The Hudson Motor Car Company was an automobile company created in the year 1909, located in Detroit, Michigan. This company was founded by Joseph L. Hudson and Roy D. Chapin with the help of George W. Dunham and Howard Coffin. It was largely funded by owner Joseph L. Hudson, who was a department-store owner as well, in which they decided to name the company after.

Roy D. Chapin
Joseph L. Hudson

Hudson Motor Car Company was ran by Joseph L. Hudson until his death in 1912, where Roy D. Chapin took charge until his own death in 1936.

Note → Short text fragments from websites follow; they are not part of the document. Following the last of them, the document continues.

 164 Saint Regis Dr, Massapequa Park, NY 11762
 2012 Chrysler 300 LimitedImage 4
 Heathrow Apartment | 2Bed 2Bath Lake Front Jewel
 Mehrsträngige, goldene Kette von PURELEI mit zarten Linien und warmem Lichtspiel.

In 1910, which was exactly one year after the business was created, Hudson Motor Cars was the eleventh-largest auto company in America. During World War I, Hudson Motor Car Company was the world's largest manufacturer of six-cylinder cars.

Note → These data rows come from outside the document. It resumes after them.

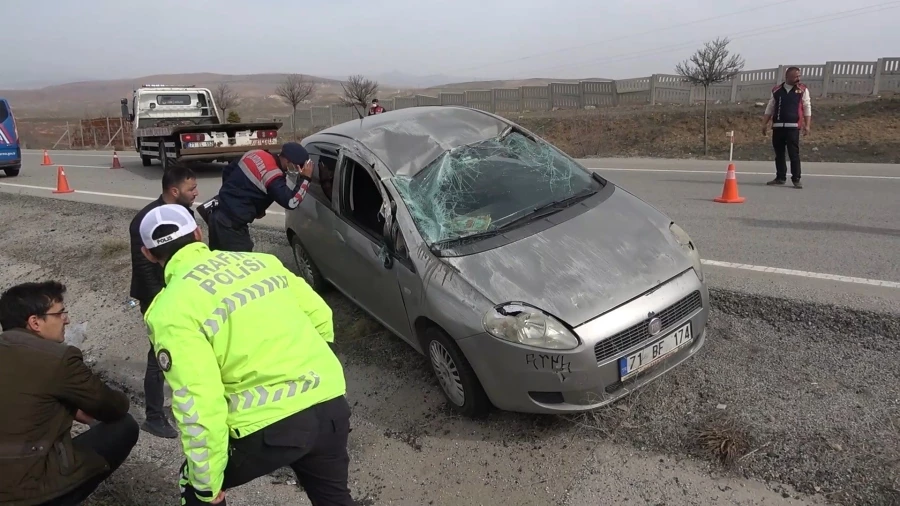 Otomobil 30 metre sürüklendi: 4 yaralı   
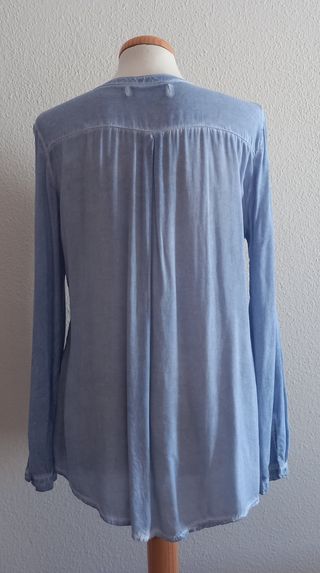camisa de mangas largas celeste en degrade.talla L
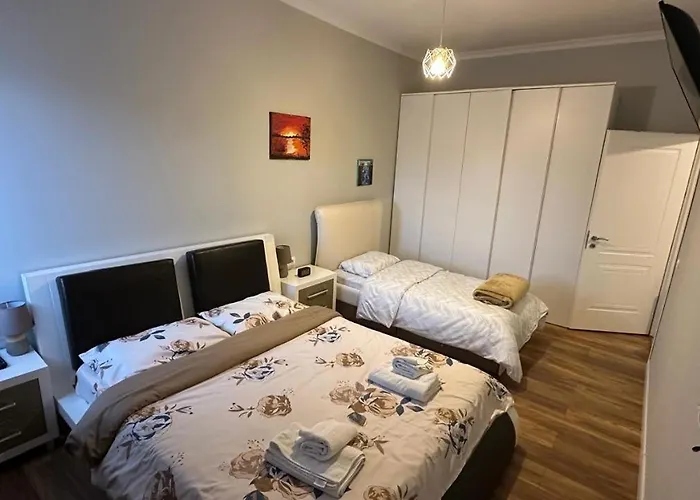 Agnesa 公寓 Gramsh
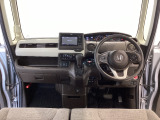 【前方視界】開放的な前方視界!運転がしやすく疲れにくいです♪窓が大きく、見通しがとっても良いおクルマですよ♪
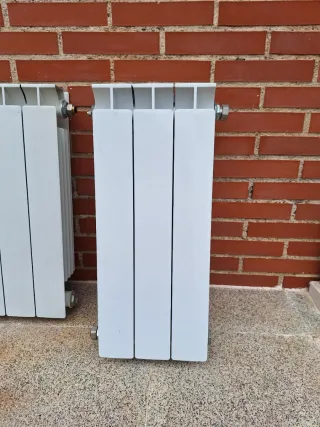 Radiadores de aluminio blancos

Six-Cylinder Hudson car during the 1st World War.

In the early years of the United States depression, after World War I, Hudson made the long-lived Hudson Super Six and straight-eight engines.

Hudson Super Six - 1926
Straight Eight Engine

During World War II, Hudson was ordered by the Federal Government to stop auto production, so they could make material for the war. This includes:

  • Aircraft Parts
  • Naval Engines
  • Anti-Aircraft Guns

After World War II Hudson brought out several new designs. In 1948 and 1949 they presented the "Step Down" Uni-body and Big-Bore Six. In 1951 they also presented their Thrift Pacemaker and Peppy Hornet.

Step Down Uni-Body
Big Bore
Thrift Pacemaker
Peppy Hornet

In 1954 Hudson merged their company with Nash-Kelvinator Corporation, which then became American Motors Corporation.

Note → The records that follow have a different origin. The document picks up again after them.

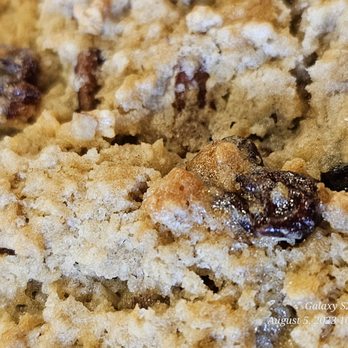 la Madeleine - Closeup of the oatmeal and raisin cookie. - Cafes Near Me - Pearland, Texas la Madeleine - Closeup of the oatmeal and raisin cookie. - Cafes Near Me - Pearland, Texas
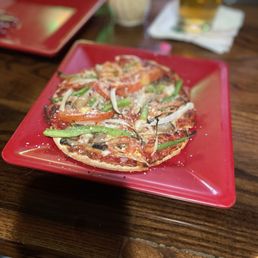 Individual veggie pizza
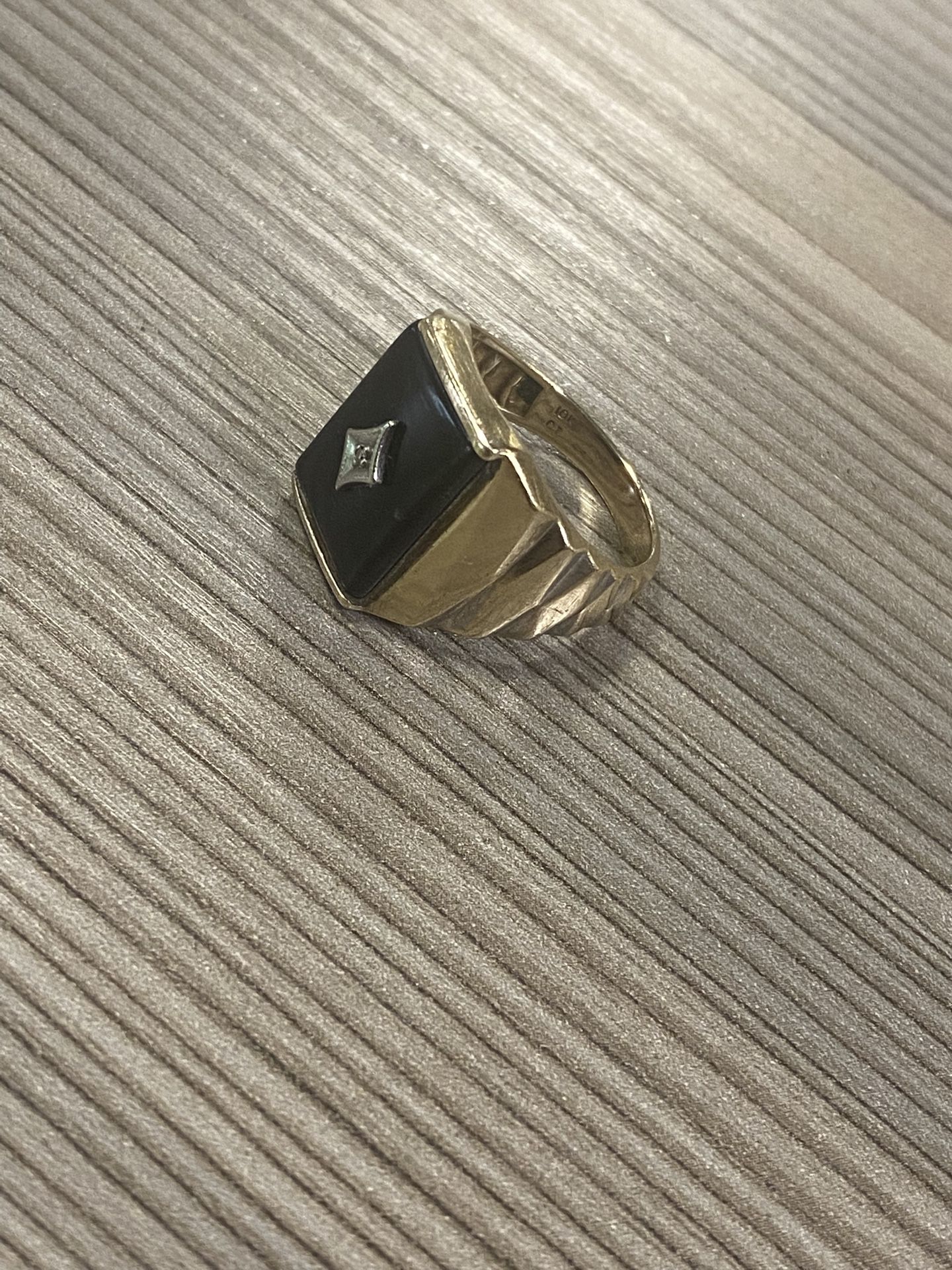 10k Solid gold Diamond Men’s ring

Hudson also sold Rambler and Metropolitan Models under the Hudson brand. Once 1957 rolled around, Rambler and Metropolitan became their own makes and were no longer known as Hudson or Nash (AMC).


The last Hudson model made was on June 25th of 1957. Unfortunately people didn't know that that would be the last model because they thought the Hudson would be continued into the 1958 Rambler Chassis.

George W. Romney

The President of AMC, George W. Romney, figured that he couldn't compete with the "Big Three" (Ford, General Motors, and Chrysler) unless her featured a new smaller-sized car line. He then realized that Hudson and Nash were no longer as popular as the Rambler then was. To conclude this Romney decided to completely get rid of the Nash and Hudson Models at the end of 1957. The Rambler brand was chosen for further development while Hudson and Nash were left behind.